→ Task inputs:
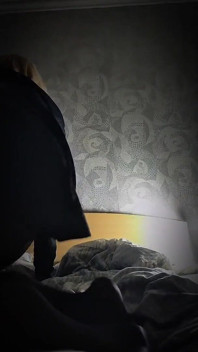 Blonde Sissy entspannt sich mit Spielzeug nach einer leidenschaftlichen Nacht mit ihrem Freund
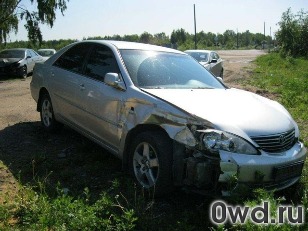 Битый автомобиль Toyota Camry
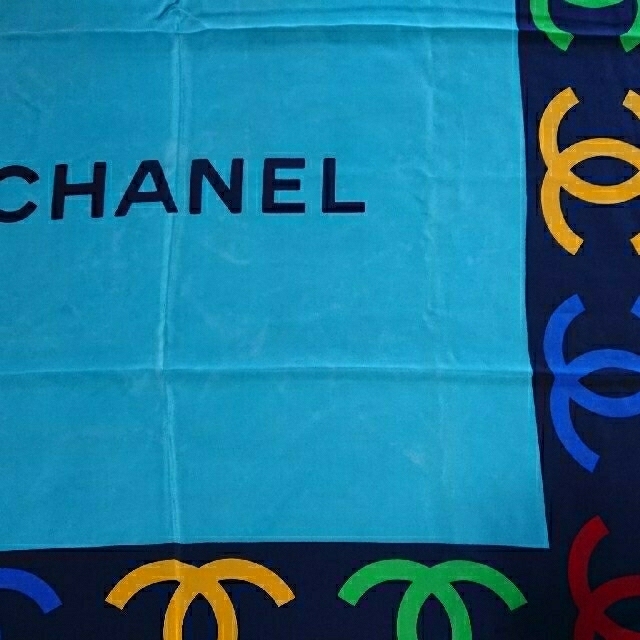 CHANEL(シャネル)のヴィンテージ CHANEL スカーフ レディースのファッション小物(バンダナ/スカーフ)の商品写真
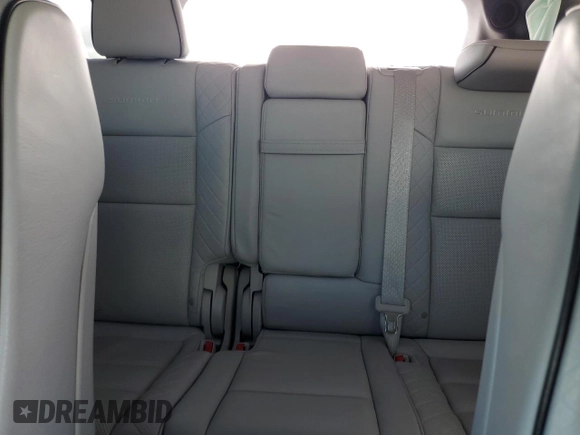 2018 Jeep Grand Cherokee Summit с VIN 1C4RJEJG6JC358829, выставлен на аукционе Copart как лот 85957014 с пробегом 76 084 миль миль и Списание • Salvage title. История ставок и продаж доступна на DreamBid. Изображение 10.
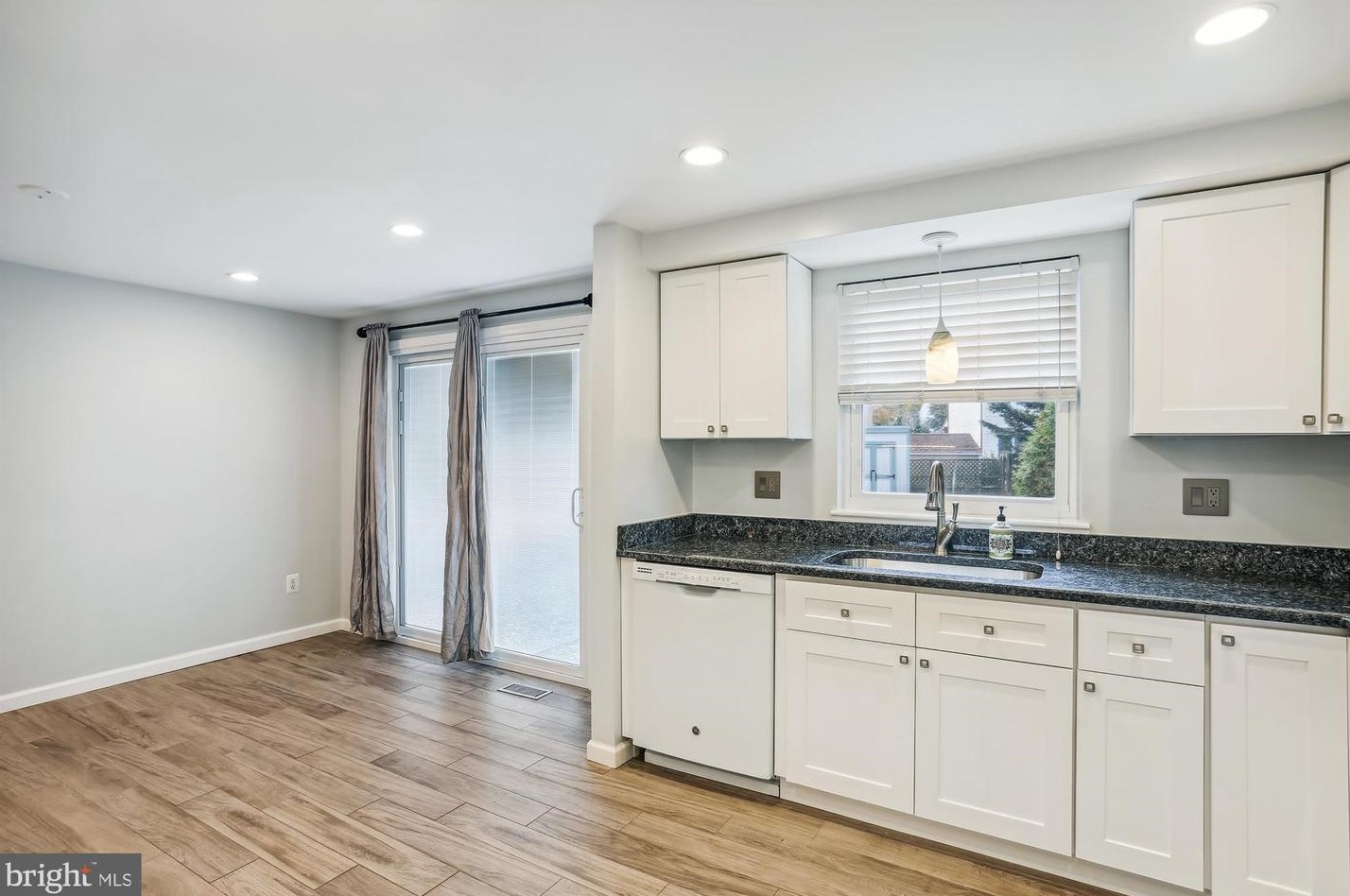 7827 Butterfield Dr, Baltimore MD  21075-6452 exterior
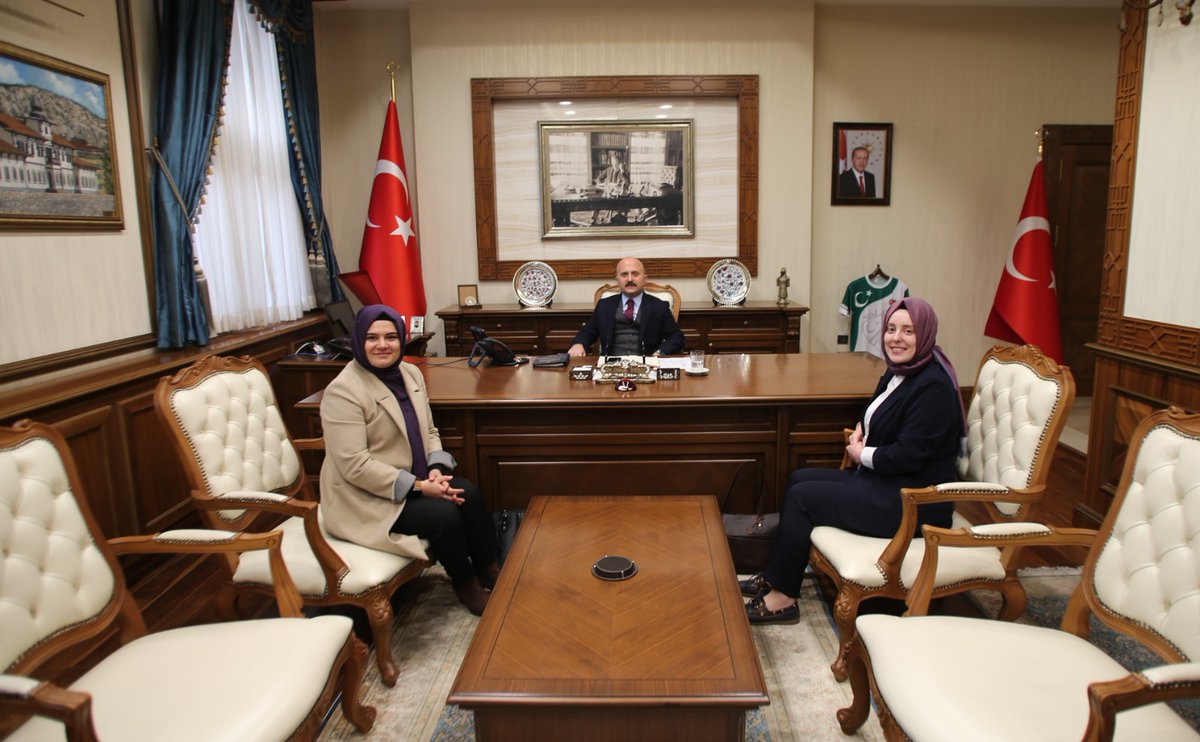 Vali Dr. Osman Varol, Amasya Üniversitesi Öğretim Görevlileri Kübra Okuyucu ile Hüsna Kaya Kaçar’ı kabul etti.
amasya.gov.tr/vali-dr-osman-…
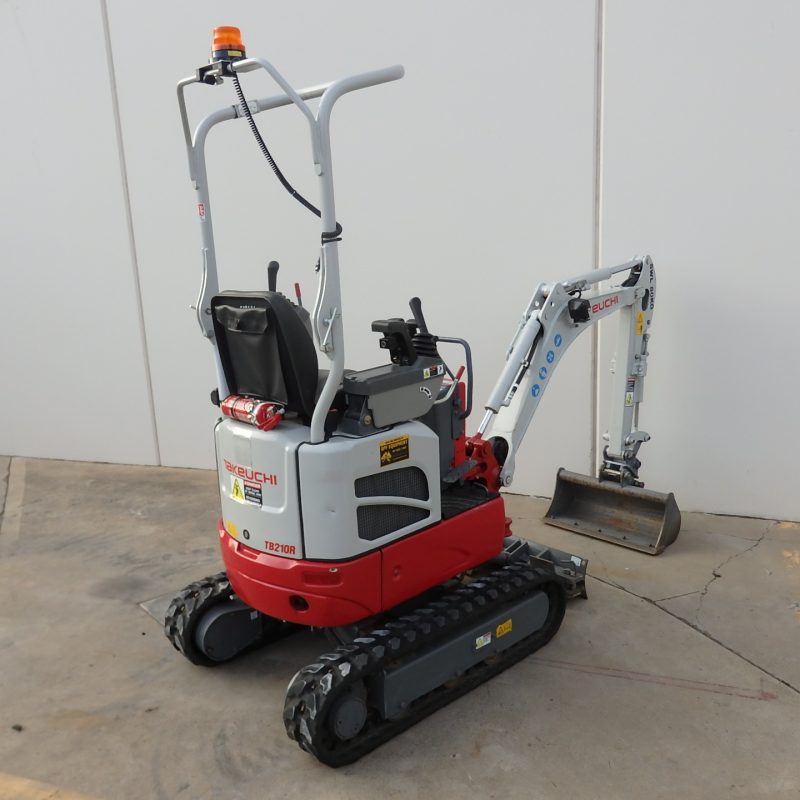 Takeuchi TB210R Excavator - Image 4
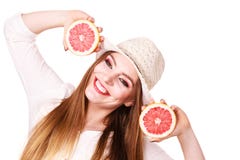 La mujer sostiene dos halfs de agrios del pomelo en manos imagen de archivo libre de regalías La mujer sostiene dos halfs de agrios del pomelo en manos imagen de archivo libre de regalías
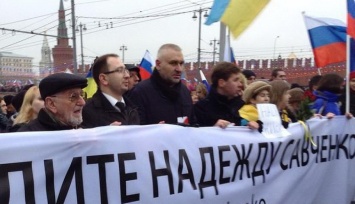 Город маршей Немцова: Московские чиновники дважды запрещали пикеты в поддержку Донбасса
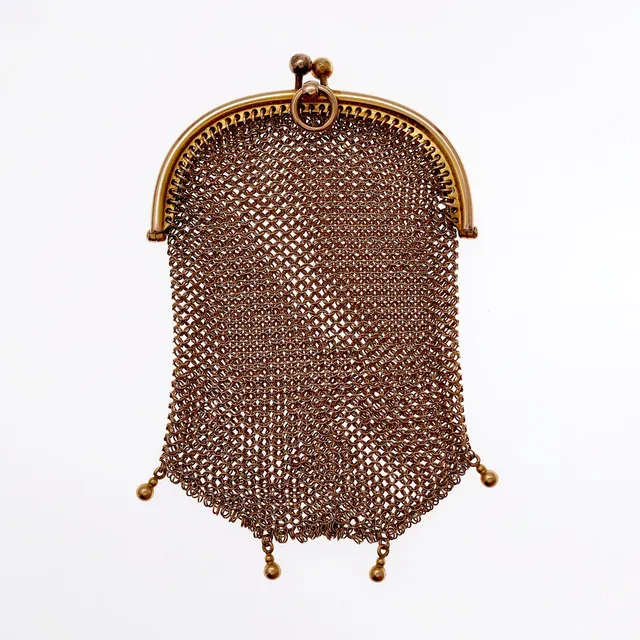 Gold mesh purse, early decades of the 20th Century.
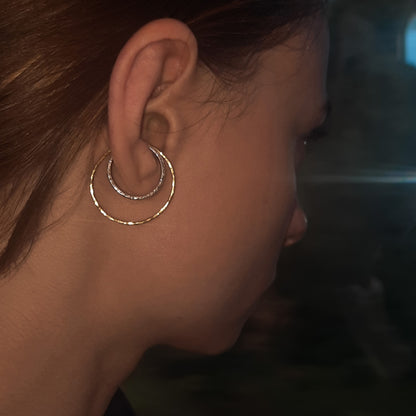 Hammered earcuff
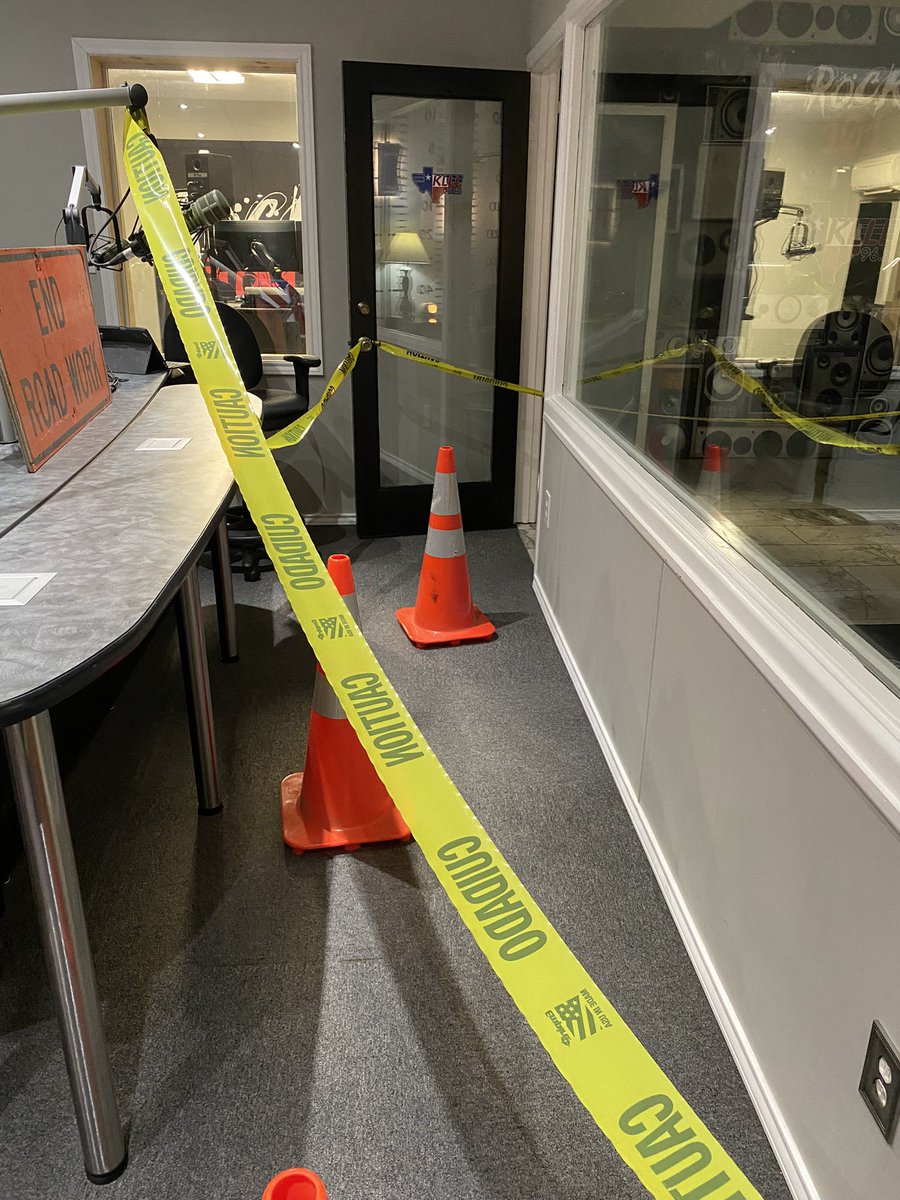 Jeff, Mudflap & The Gang tweet media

→ What the task asks:
What should appear is an exact copy of the lines from the one containing "7827 Butterfield Dr, Baltimore" through the last line of the records above, pictures excluded.

→ Exercise result:
 7827 Butterfield Dr, Baltimore MD  21075-6452 exterior
 Vali Dr. Osman Varol, Amasya Üniversitesi Öğretim Görevlileri Kübra Okuyucu ile Hüsna Kaya Kaçar’ı kabul etti.
amasya.gov.tr/vali-dr-osman-…
 Takeuchi TB210R Excavator - Image 4
 La mujer sostiene dos halfs de agrios del pomelo en manos imagen de archivo libre de regalías La mujer sostiene dos halfs de agrios del pomelo en manos imagen de archivo libre de regalías
 Город маршей Немцова: Московские чиновники дважды запрещали пикеты в поддержку Донбасса
 Gold mesh purse, early decades of the 20th Century.
 Hammered earcuff
 Jeff, Mudflap & The Gang tweet media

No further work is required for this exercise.